Before considering an investment in the Fund, you should understand that you could lose money.
Short positions pose a risk because they lose value as a security's price increases; therefore, the loss on a short sale is theoretically unlimited. As a result, these funds may not be suitable for all investors.
The use of leverage may increase the Fund's exposure to long equity positions and make any change in the Fund's NAV greater than it would be without the use of leverage. This could result in increased volatility of returns.
Growth-oriented common stocks and other equity type securities (such as preferred stocks, convertible preferred stocks and convertible bonds) may involve larger price swings and greater potential for loss than other types of investments.
The principal risk of investing in value funds is that the price of the security may not approach its anticipated value.
Investing in smaller companies involves special risks, including higher volatility and lower liquidity.
Investing in mid-cap stocks may carry more risk than investing in stocks of larger, more well-established companies.
The Fund may invest in derivatives, which may increase the volatility of the Fund's NAV and may result in a loss to the Fund.
Investment in REITs carries with it many of the risks associated with direct ownership of real estate, including decline in property values, extended vacancies, increases in property taxes, and changes in interest rates.
The Underlying Funds may experience a portfolio turnover rate of over 100% and may generate short-term capital gains which are taxable.
Russell 1000® Index measures the performance of the large-cap segment of the U.S. equity universe. It is a subset of the Russell 3000® Index and includes approximately 1,000 of the largest securities based on a combination of their market cap and current index membership.
An investment cannot be made directly into an index.
Standard Deviation measures how widely dispersed a fund's returns have been over a specified period of time. A high standard deviation indicates that the range is wide, implying greater potential for volatility.
Alpha measures a fund's risk-adjusted performance and is expressed as an annualized percentage.
Beta is a measure of historical volatility relative to an appropriate index (benchmark) based on its investment objective. A beta greater than 1.00 indicates volatility greater than the benchmark's.
R-Squared measures the percentage of a fund's movements that result from movements in the index.

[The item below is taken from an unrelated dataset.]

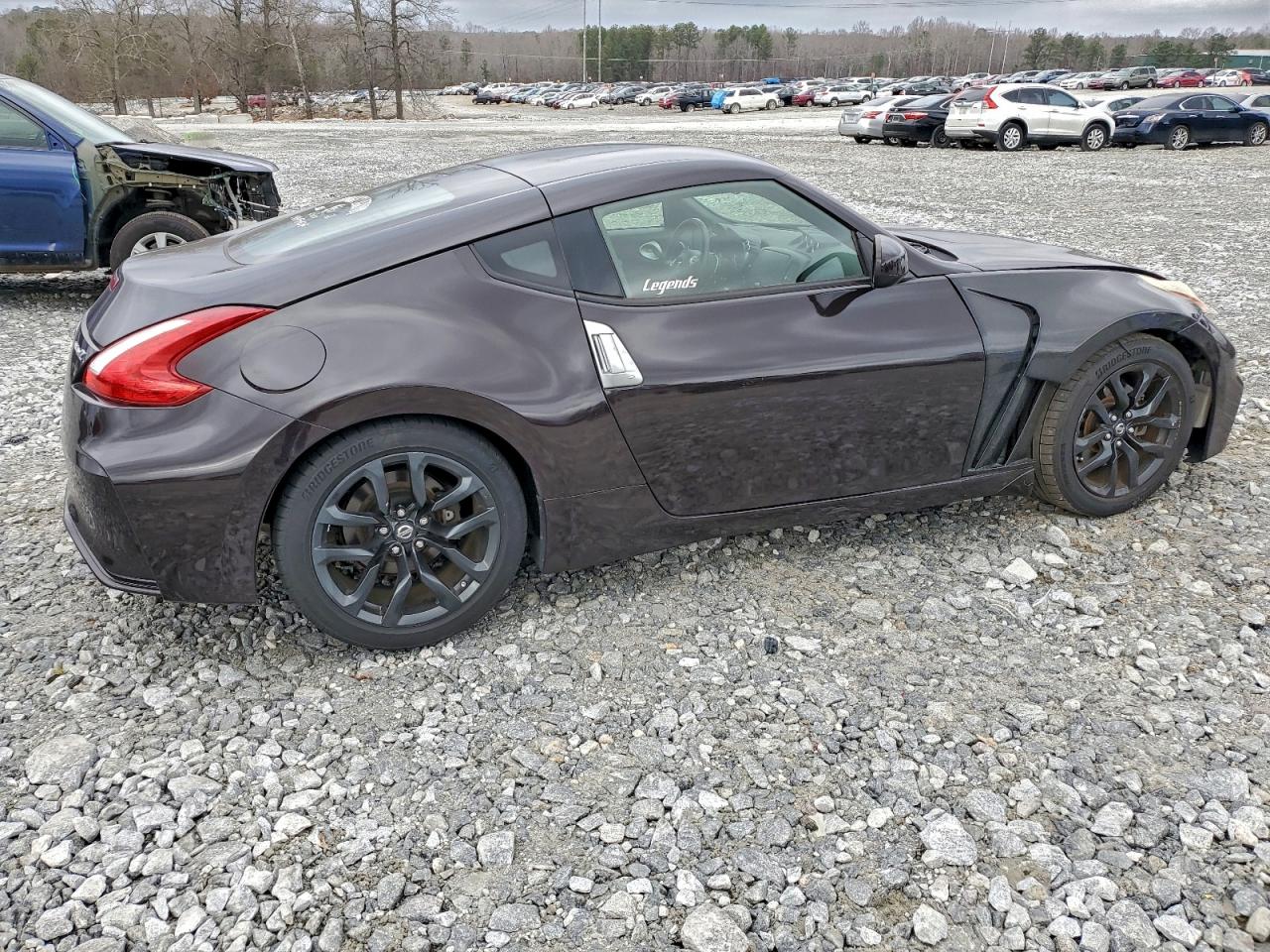 Nissan 370Z Base Image 2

Sharpe Ratio shown is calculated for the past 36-month period by dividing annualized excess returns by annualized standard deviation.

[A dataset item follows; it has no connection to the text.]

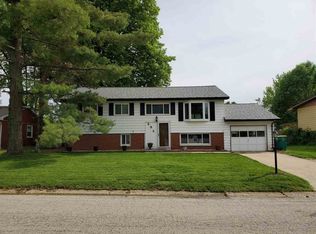 232 Devron Cir, East Peoria, IL 61611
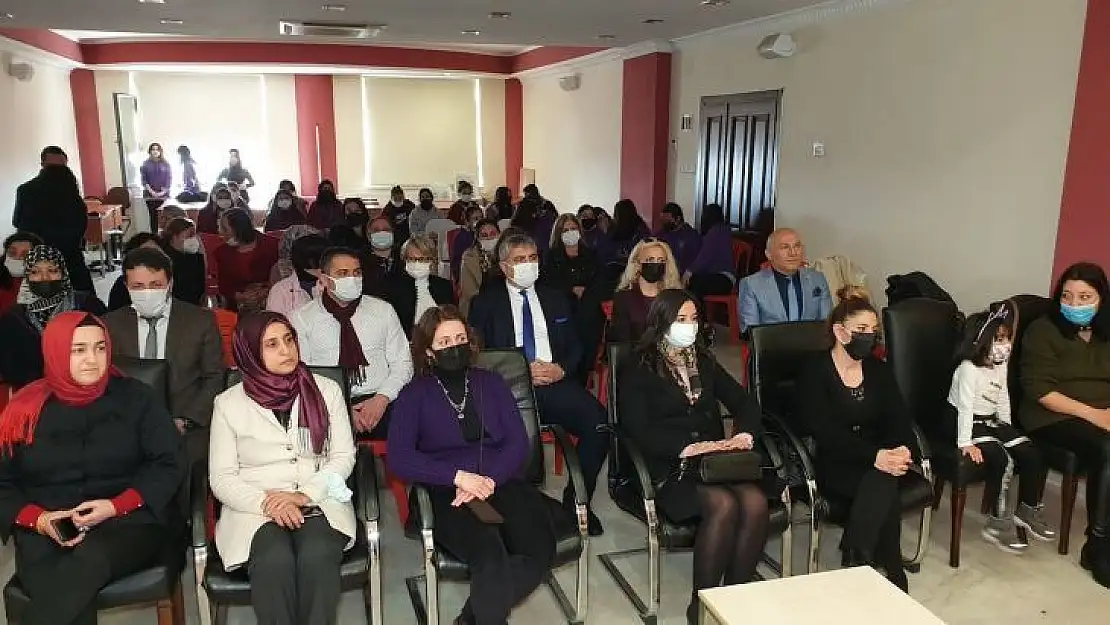 Protokolün tamamında kadınlar yer aldı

Annual Turnover Rate is as of the most recent annual shareholder report.
The Morningstar Rating™ for funds, or "star rating", is calculated for managed products (including mutual funds, variable annuity and variable life subaccounts, exchange-traded funds, closed-end funds, and separate accounts) with at least a three-year history. Exchange-traded funds and open-ended mutual funds are considered a single population for comparative purposes. It is calculated based on a Morningstar Risk-Adjusted Return measure that accounts for variation in a managed product's monthly excess performance, placing more emphasis on downward variations and rewarding consistent performance (this does not include the effects of sales charges, loads, and redemption fees). The top 10% of products in each product category receive 5stars, the next 22.5% receive 4 stars, the next 35% receive 3 stars, the next 22.5% receive 2 stars, and the bottom 10% receive 1 star. The Overall Morningstar Rating for a managed product is derived from a weighted average of the performance figures associated with its three-, five-, and 10-year (if applicable) Morningstar Rating metrics. The weights are: 100% three-year rating for 36-59 months of total returns, 60% five-year rating/40% three-year rating for 60-119 months of total returns, and 50% 10-year rating/30% five-year rating/20% three-year rating for 120 or more months of total returns. While the 10-year overall star rating formula seems to give the most weight to the 10-year period, the most recent three-year period actually has the greatest impact because it is included in all three rating periods.